Monday, August 19, 2013

Challenge Accepted

I am the baby of my family.  I have two older brothers, and I have a mom and dad who don't believe in "letting" you win, even if you're little and cute.  I was 32 years old before I ever beat my mom at Scrabble; I still have the score card.  For every domino game I win, either (or both) of them will soundly thrash me 3 or 4 times in return.  I have never beaten either of them at shooting pool or golf.  My mom even trash talks when she solves a Wheel of Fortune puzzle before me.  My middle brother and I were rarely allowed to play games together because eventually the game board would take flight in a fitful rage from whomever happened to be losing (typically me, I admit).  And many a Nintendo controller narrowly avoided my wrath.

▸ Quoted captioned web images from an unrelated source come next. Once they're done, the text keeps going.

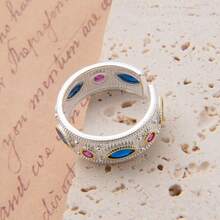Bague vintage en émail et cristal : pierre précieuse multicolore avec un ajustement ouvert et réglable - Argent - Voir 2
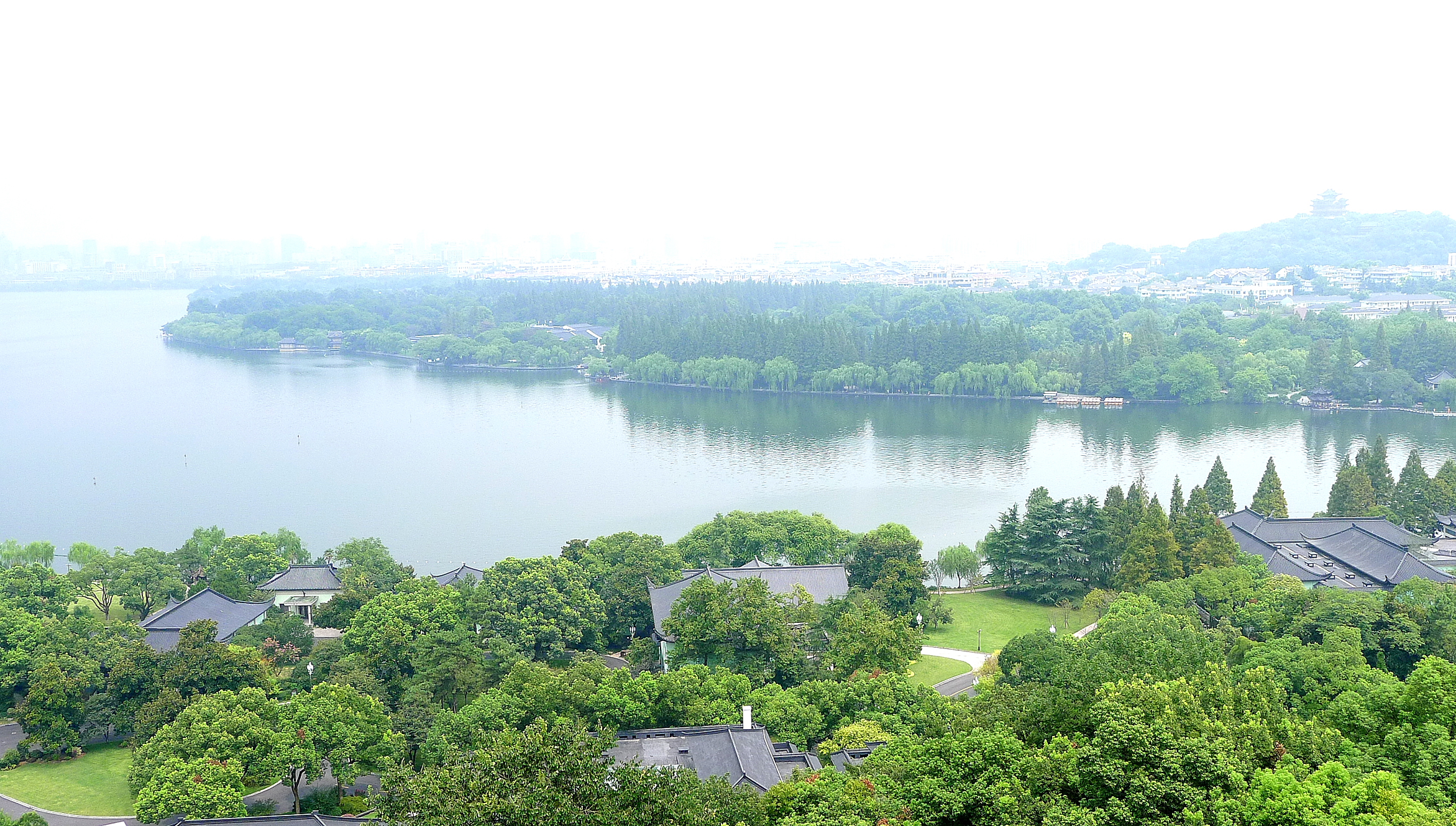  p data-id="gnzlggfl31">苏堤,旧称 a target="_blank" href="/item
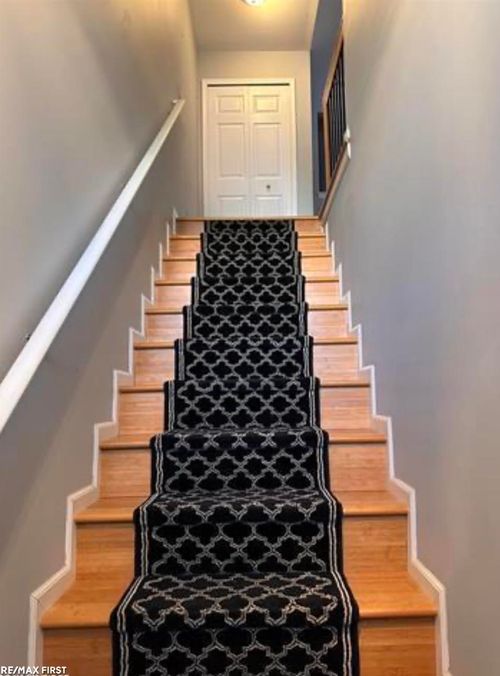 56587 Scotland Blvd, Shelby Township, MI, 48316-5044 | Card Image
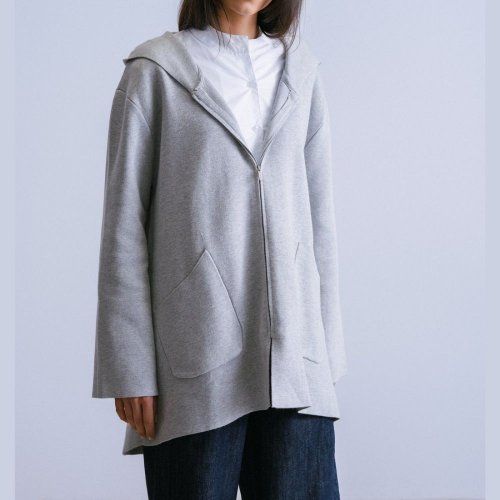 Chaqueta gris con capucha de WNT Collection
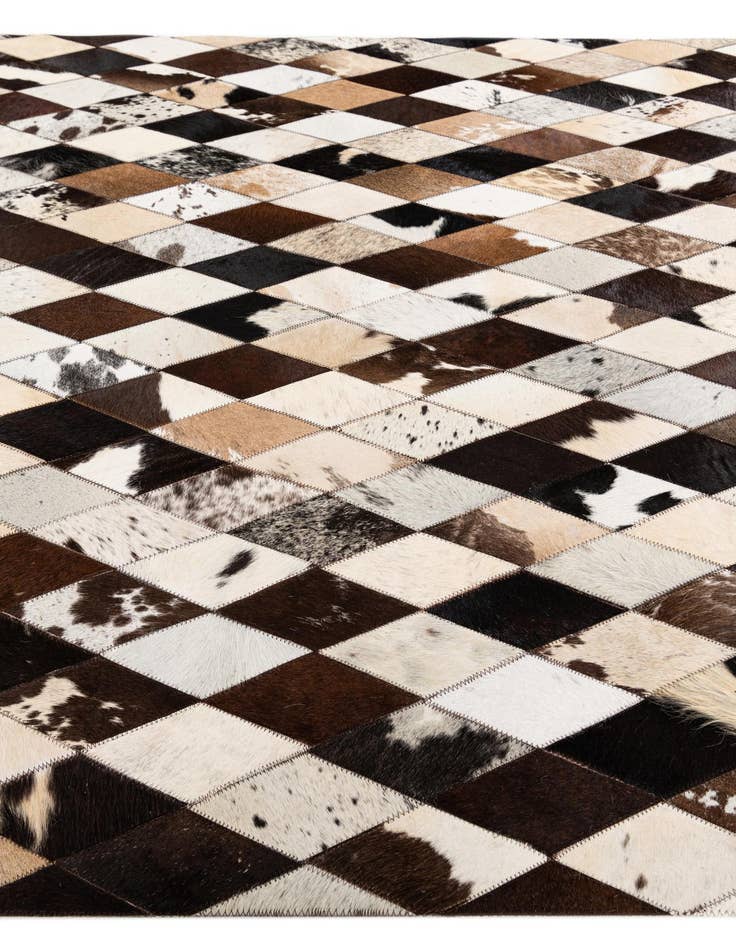 Detail image of 4' 8 x 6' 9 Cowhide Stocks Rug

I hate losing more than I like winning, but, sweet baby Jesus, I do love to win.

Coaching junior high girls for 13 years taught me to temper my rage and frustration (although I'm embarrassed that I did accidentally break a volleyball cart once because I kicked it so hard).  I understand what behavior and expectation is expected and acceptable at what level; I'm a fairly humble winner and loser publicly.  But even my best behavior cannot quench my thirst to just make somebody else pay for their self-righteousness.

As the baby girl in a highly competitive family, I was desperate to be old enough or cool enough to be as good as my brothers and their friends.  I tend to have a chip on my shoulder when it comes to "boys only" activities and clubs, and I feel a deep need to impress if not out-perform or outsmart the competition.  So, today, when I was invited to play in my school's fantasy football league, I accepted the challenge without much hesitation.

And it will be a challenge, for sure, because I know ZERO about Fantasy Football.  In fact, I usually think it's kind of dumb.  But I'm not about to be left out for simple facts such as being a girl (or being clueless), so tomorrow afternoon, I'm going for it.  I've consulted a few of my Twitter experts and done a little studying up.  I think I've got the basic plan formed.

In my head, I'm viewing it as my own personal Title IX test case.  I'm about to roundhouse kick down the fantasy sports gender barrier, people.  This is the trophy I rescued from the garbage pile at school today.  I think it's an omen.


In truth, the guys I'm playing with are actually really nice guys who will talk noise and test me but still love me no matter how terrible I am at it.  There's only a couple that I'd really take delight in beating.  They're kind of like my work brothers, though, and historically, that spells trouble.

Hold onto your game boards and volleyball carts, friends.